Spain has begun deportation proceedings against Imran Firasat, a Christian refugee from Pakistan, for making a documentary about Mohammed and thereby threatening the national security of Spain. If Firasat is deported back to Pakistan, he will face the death penalty proving that it’s a short step from the Spanish Inquisition to the Pakistani Inquisition.
But it’s not really about the deaths, if it were then the United States wouldn’t be senselessly squandering the lives of American soldiers in Afghanistan to avoid offending the natives. It’s not the death of men that our leaders are worried about, but the death of stability.
Knowing that a hundred men will die today in car accidents does not alarm anyone, but knowing that somewhere a dozen men might die in a bomb explosion, anywhere and at any time, can bring a nations to its knees. That is the difference between predictable and unpredictable death. Predictable death makes it possible for most everyone to go about doing what they normally do. Unpredictable death however erodes daily order.

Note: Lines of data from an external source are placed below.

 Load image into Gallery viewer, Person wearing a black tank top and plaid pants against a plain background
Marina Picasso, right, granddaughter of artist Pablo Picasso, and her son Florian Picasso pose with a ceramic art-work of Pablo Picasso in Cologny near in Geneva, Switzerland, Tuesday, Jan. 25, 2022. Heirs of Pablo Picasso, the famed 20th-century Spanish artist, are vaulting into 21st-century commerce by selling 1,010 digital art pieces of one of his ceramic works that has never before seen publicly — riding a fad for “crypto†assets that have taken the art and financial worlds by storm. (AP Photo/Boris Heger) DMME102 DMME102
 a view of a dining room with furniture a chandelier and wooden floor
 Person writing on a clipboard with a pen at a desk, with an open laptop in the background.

Blasphemy makes terrorism seem predictable. It delivers that false sense of control that is at the root of Stockholm Syndrome, the seductive illusion that the thug can be reasoned with and that we can restore control over our perilous environment by accepting responsibility for the enemy’s violence. If we meet a set of conditions then we will have peace. And what kind of lunatic wouldn’t want peace? The kind who needs to be deported or locked up in the name of peace.

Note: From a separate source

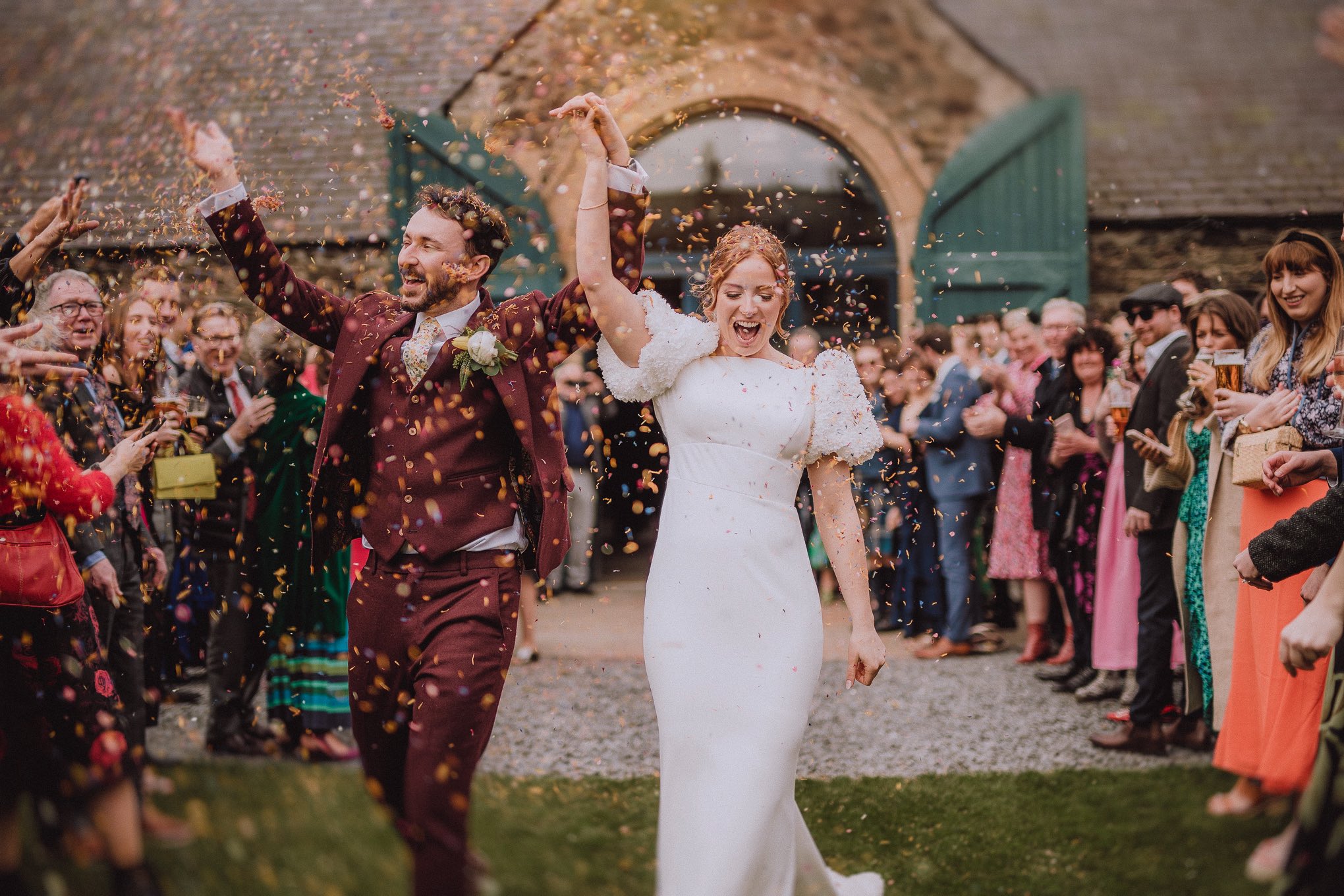 Beautiful Bride & Groom laughing as guests throw confetti at a barn relaxed natural wedding photography Scotland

When an entire country goes Stockholm then it is no longer interested in winning the war, only in surviving the peace. In a Stockholm country, national security consists of locking up anyone who can be blamed for sabotaging the peacemaking. The less peace there is, the more the peacemakers go on the hunt for “extremists” who are to blame for the lack of it. The more their vision of a better world fails, the more stern measures they must take against their own people. Peace is always one more denunciation of extremism away.
The same countries whose leaders have spent a century and a half blathering incessantly about a truly progressive order under international law have shown no ability to cope with the old-fashioned kind of war. They can quote verbatim the laws of war, but understand poorly that war makes its own laws. War’s simplest law is that you pick a pretext, any popular pretext, make your demands and then go on the attack. If the other side is foolish enough to meet your demands, then it has shown its weakness and must be attacked again and again.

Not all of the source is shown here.